Bulges simulate bulging muscles. Physique creates bulges based on bulge angles and cross section shapes you specify, not on keyframe settings.
You create a bulge by:
- Reposing the character to a position where the bulge will have its greatest effect. This can just be a matter of using the time slider to scrub to that place in a loaded motion file.
- Setting a bulge angle between two links, the currently selected link and its child link in the hierarchy. The bulge angle is the angle of the joint where the bulge has its full effect. When the joint has a different angle, Physique interpolates so the bulge can grow as the joint flexes toward that angle. See Setting Bulge Angles for more information.
Note: The resulting bulge for any given frame in an animation is determined by the interpolated effects of all bulge angles for the link, based on the relationship of each bulge angle to the current joint angle. Bulge angles are not directly associated with keyframe parameters, but are relative to the skeleton's behavior.
Bulge shape is interpolated as joint movement approaches a bulge angle.

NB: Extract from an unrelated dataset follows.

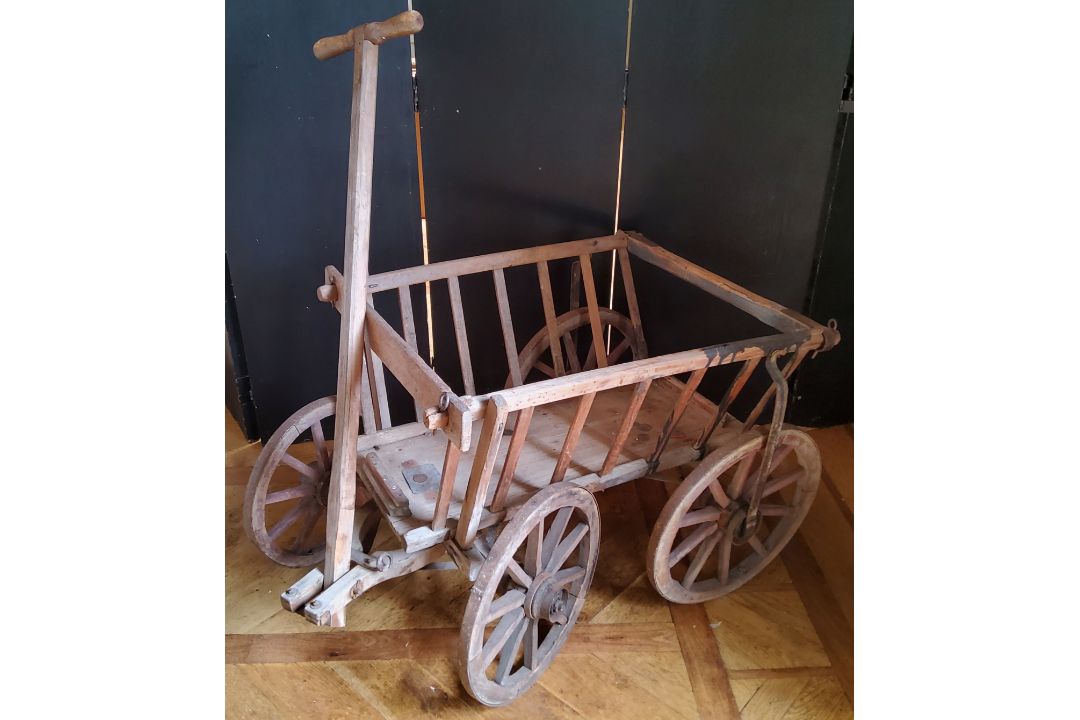 A rustic farmhouse pine dog cart, with steel rimmed wooden spoked wheels and articulated steering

- Creating and shaping the cross sections associated with the bulge angle. A link's cross sections and its profile are spline controls of the shape of the skin. To create and shape cross sections, see Shaping the Bulge.
Each bulge angle affects both neighboring links. Therefore, each link contains a set of cross sections for each bulge at both its parent and child joint angles. For example, the forearm link can be deformed by bulge angles associated with both the elbow and wrist joints.
- Adjusting bulge parameters, including the joint intersection parameters. Bulge parameters control the smoothness and the strength of the bulge and are found at the Bulge sub-object level.
Joint intersection parameters control how the skin behaves when bulges would overlap each other if there were no collision detection for skin vertices. They are in a Physique rollout for Link sub-objects. See Reinitializing Physique Settings.